The gross profit margin slipped 0.8 percentage point on-year to 12.6 percent on price pressure and a product-mix shift toward low-margin high component content assembly, Hi-P said.
Other income climbed 39.2 percent on-year to S$2.2 million, mainly on government incentives, rental income from factory leases and investment properties, and gains from selling scrap materials, the filing said.
Other expenses declined 70.9 percent on-year to S$3.3 million due to a S$7.9 million decrease in net losses from foreign exchange and fair value on hedging contracts, Hi-P said.
“Seasonally, our loading is generally lower for the first half of the year.
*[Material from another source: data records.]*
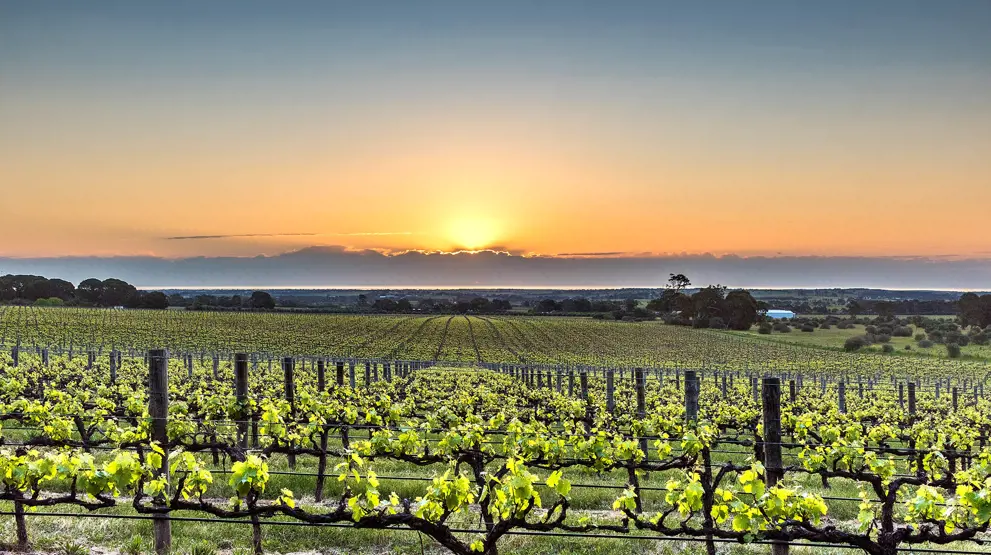 Besøk utsøkte vingårder i McLaren Vale på turen til Australia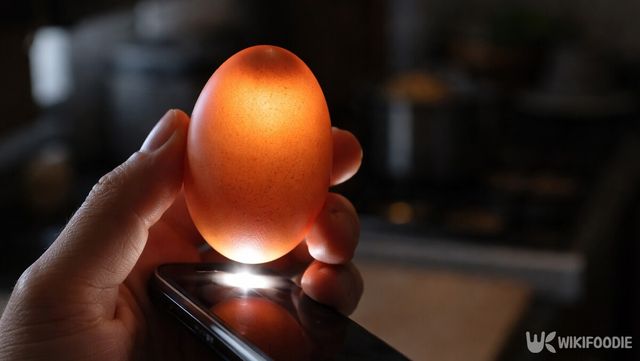 어두운 곳에서 손전등을 비추면 달걀 속 공기층을 확인할 수 있다. / 위키푸디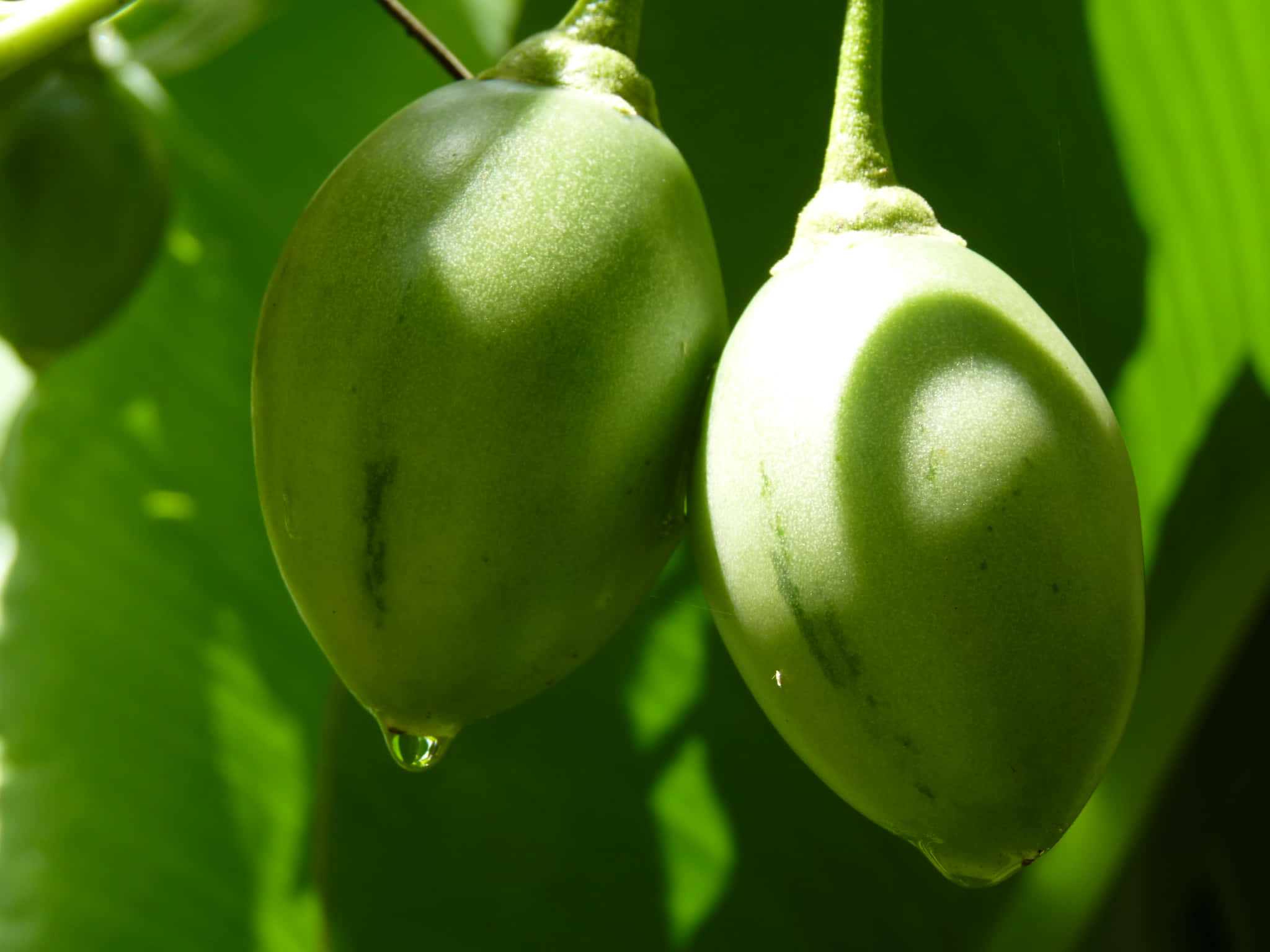 Fruit 桌布 壁紙 — 兩個光澤的綠色果實掛在樹枝上，水滴在明亮的陽光下在茂密的樹葉中閃閃發光。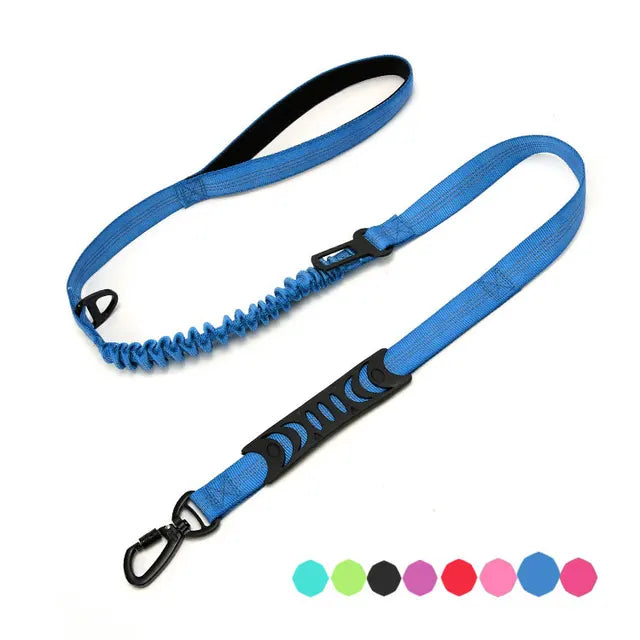 Multifunctional dog leash with: comfortable handle, elastic for shock absorption, seat belt clip and secure attachment clip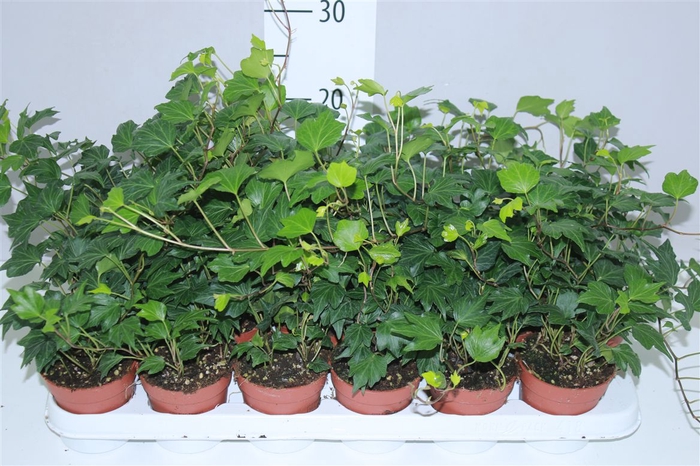 <h4>Hedera He Green Ripple</h4>
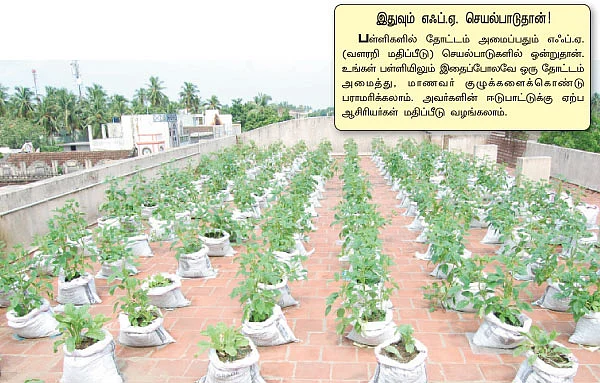 பாடம் படிக்கும் மாடிச் செடிகள் !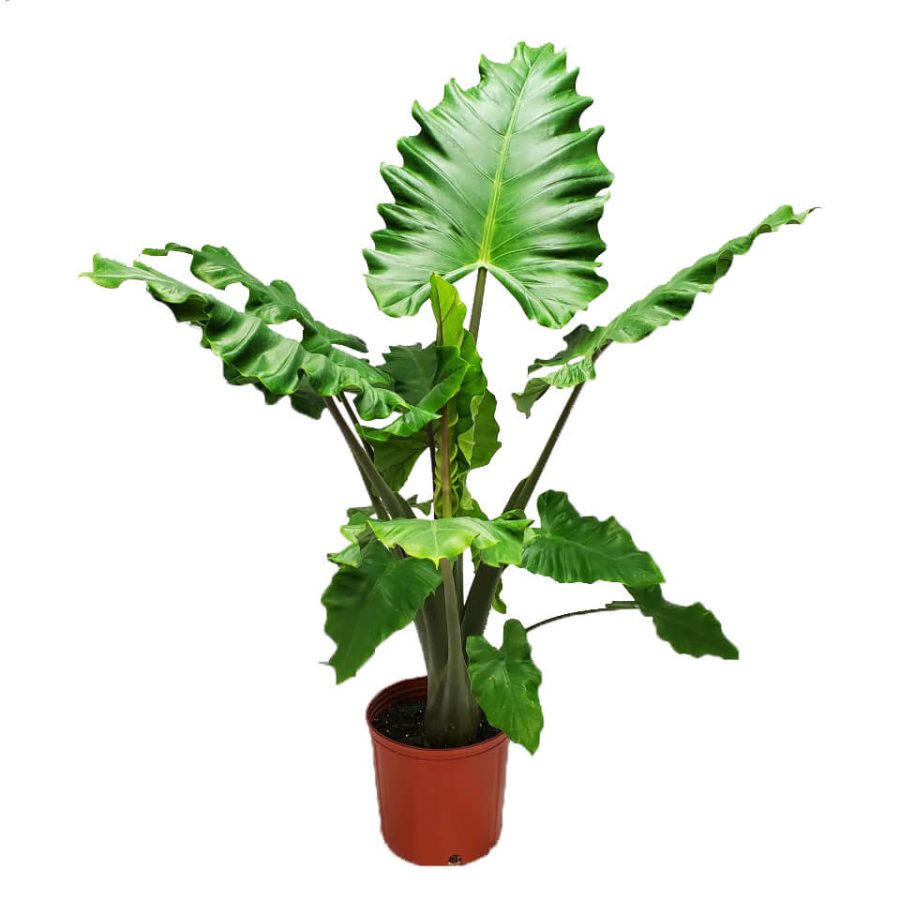 Alocasio "Boa" (Alocasia cucullata)
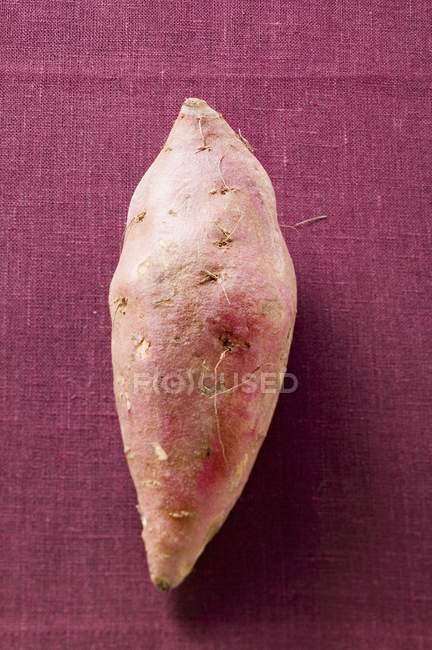 Raw sweet potato — Stock Photo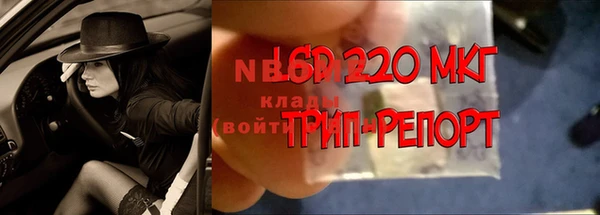 индика Апатиты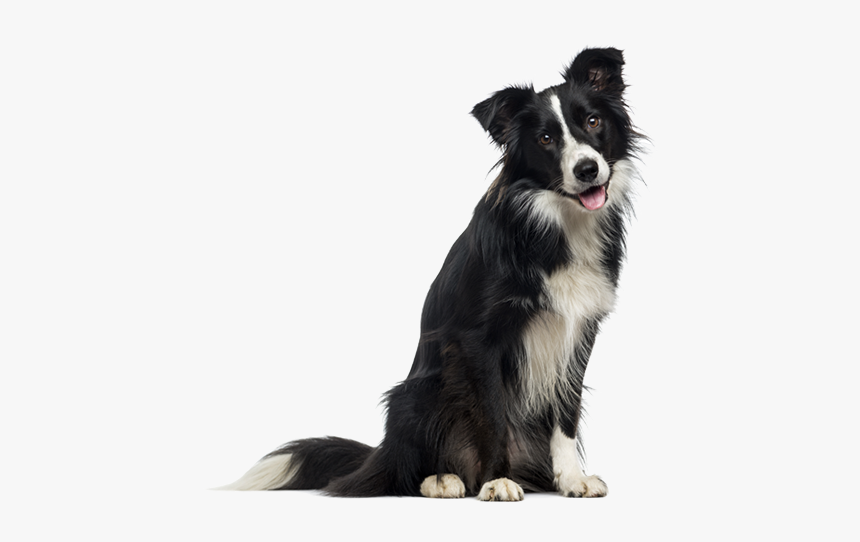 Border Collie English Collie Dog, HD Png Download, Free Download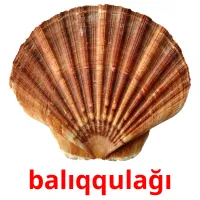 balıqqulağı карточки энциклопедических знаний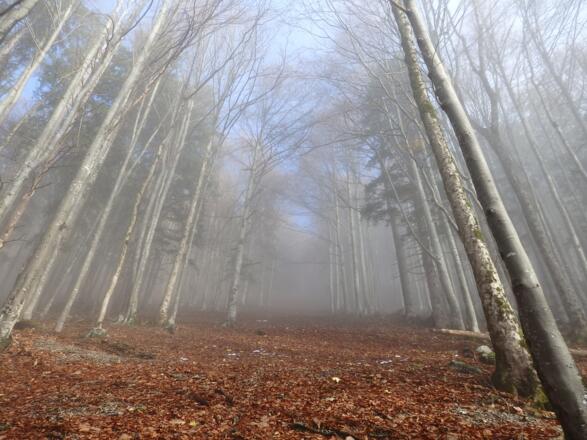 Sommerweg durch den Wald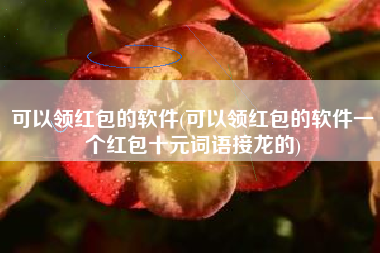 可以领红包的软件(可以领红包的软件一个红包十元词语接龙的)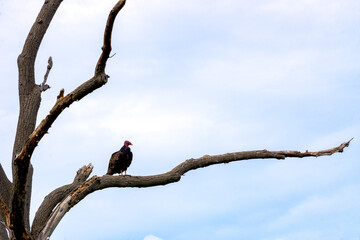 Turkey Vulture in a dead tree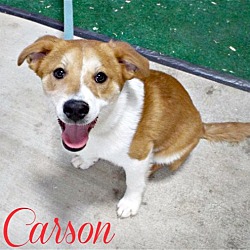 Thumbnail photo of Carson #2
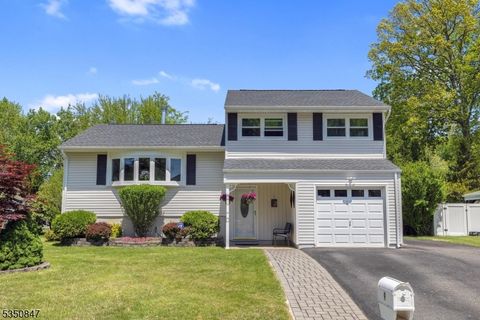 9 Harwich Rd Mount Olive Twp. NJ 07836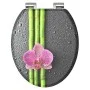 SCHÜTTE ASIA soft close toilet seat by SCHÜTTE, Toilet and bidet seats - Ref: Foro24-438742, Price: 53,66 €, Discount: %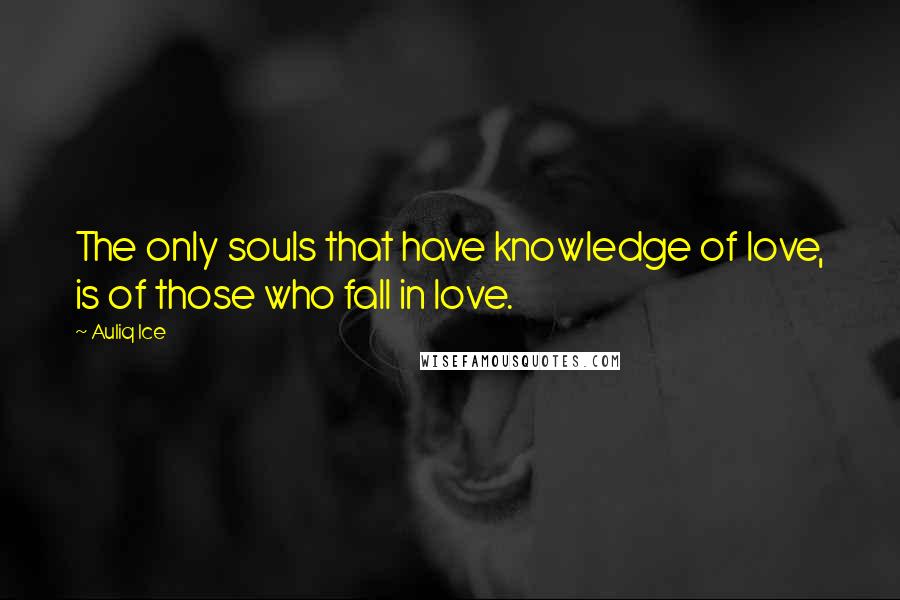 Auliq Ice Quotes: The only souls that have knowledge of love, is of those who fall in love.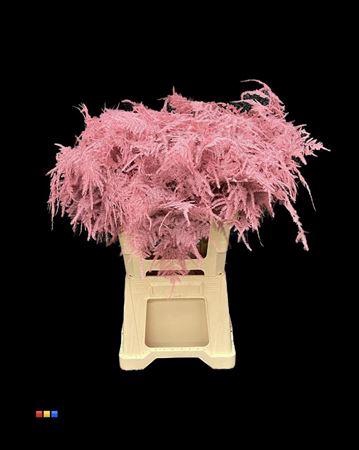 <h4>Asp Extra Pink</h4>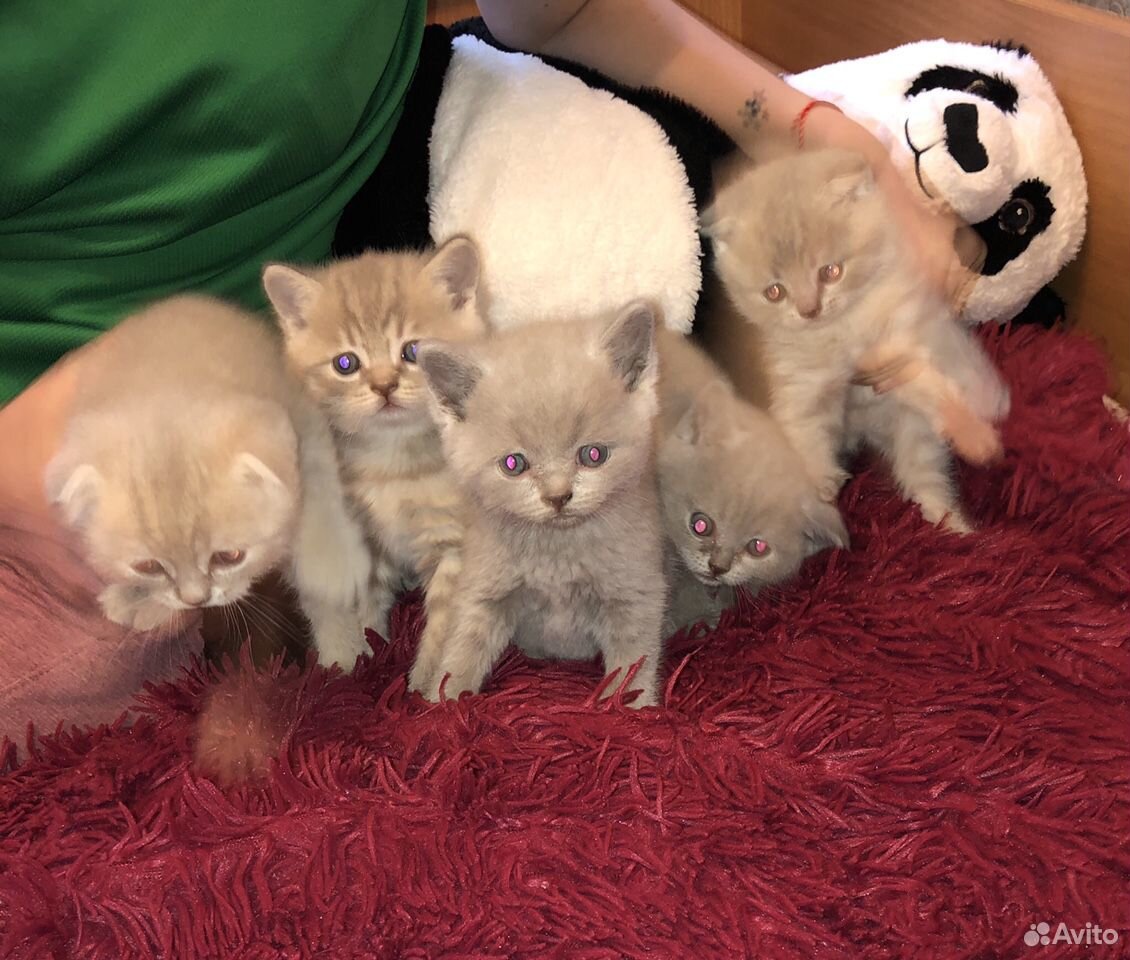 Купить котенка в саратове с фото Британские котята купить на Зозу.ру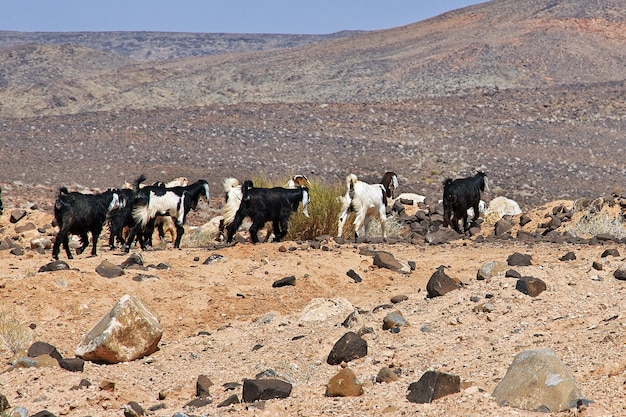 Owce w górach Arabii Saudyjskiej Wadi Disah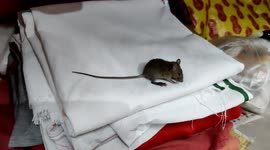 Small Cute rat sitting in Silence and enjoy the music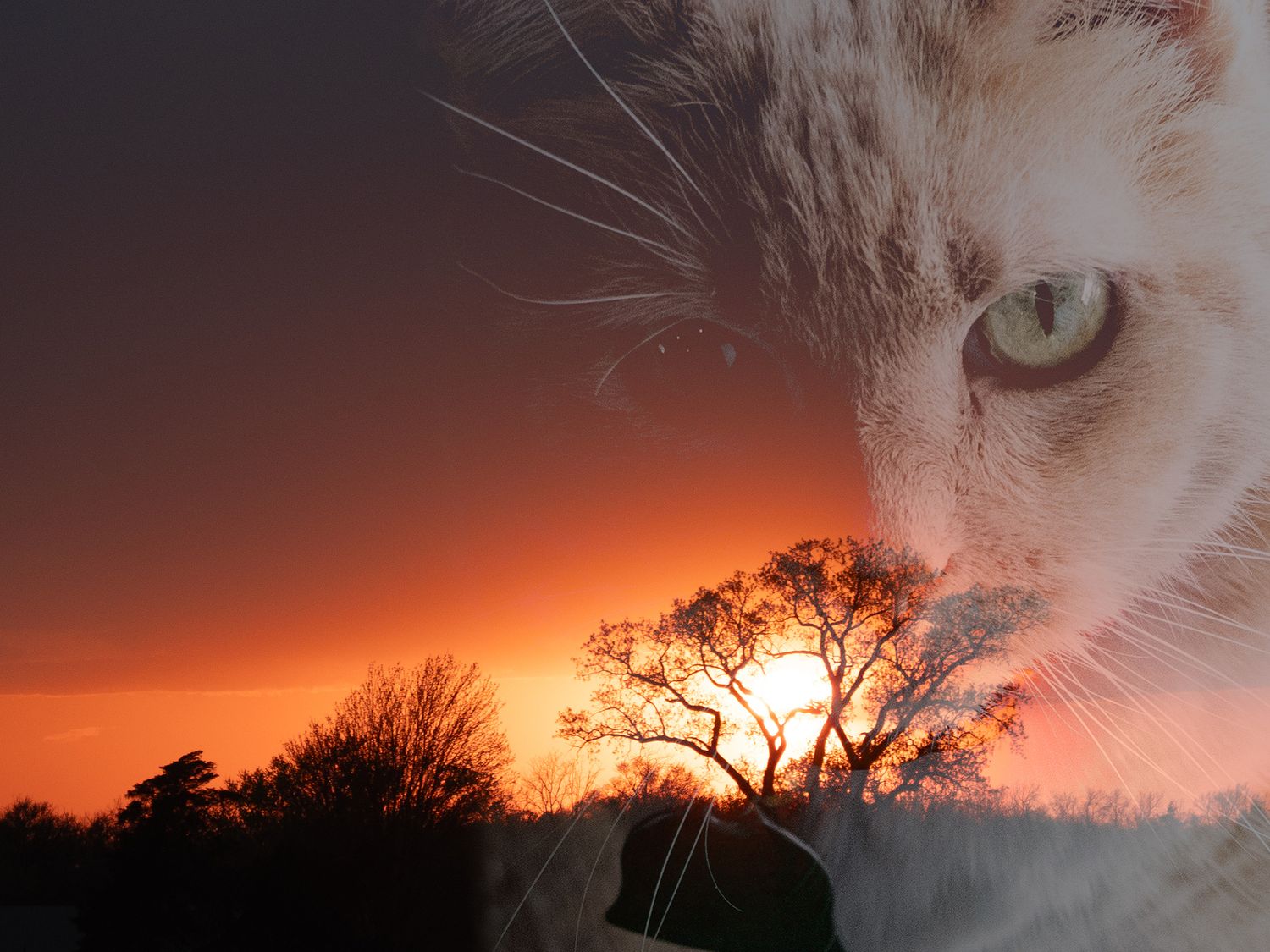 Multi-exposure of a cat and an African looking sunset tree like the call of the wild.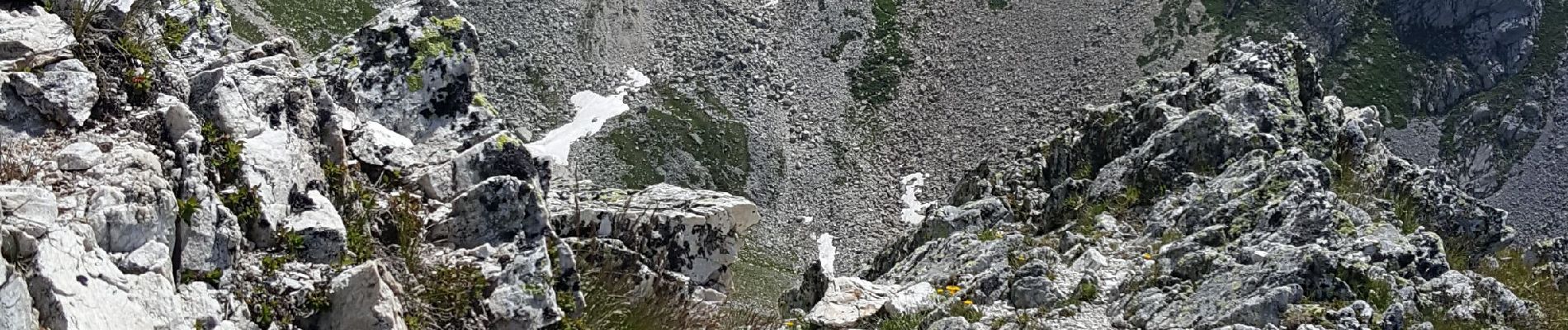 Randonnée Marche Pralognan-la-Vanoise - Pralognan - Col et pointe de leschaux - 17/07/19 - Photo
Business competition has intensified and impacted our margin. However, with our control systems in place and continuing effort of everyone at Hi-P, we should achieve reasonably good results,” Yao Hsiao Tung, executive chairman and CEO of Hi-P, said in the statement.
“Market remains challenging but we are endeavoring to turnaround situation by penetrating different product fields,” Yao added, pointed to the expansion of the sales force in the U.S. and Europe and to efforts to strengthen the sales force in Asia.
In its outlook, Hi-P noted the International Data Corp. (IDC) has forecast global smartphone volumes would fall 0.8 percent this year, but that momentum in the second half of 2019 would show a pickup, with 2.3 percent growth on-year. For smart home devices, IDC forecast 26.9 percent on-year growth in 2019, the filing said.
In its guidance. Hi-P said it expected the second quarter of 2019 would have lower revenue and similar profit as the year-earlier quarter. It added that for the second half of 2019, it expected higher revenue and profit than in the first half of 2019, and for the full-year, it expected revenue and profit would be similar to 2018’s level.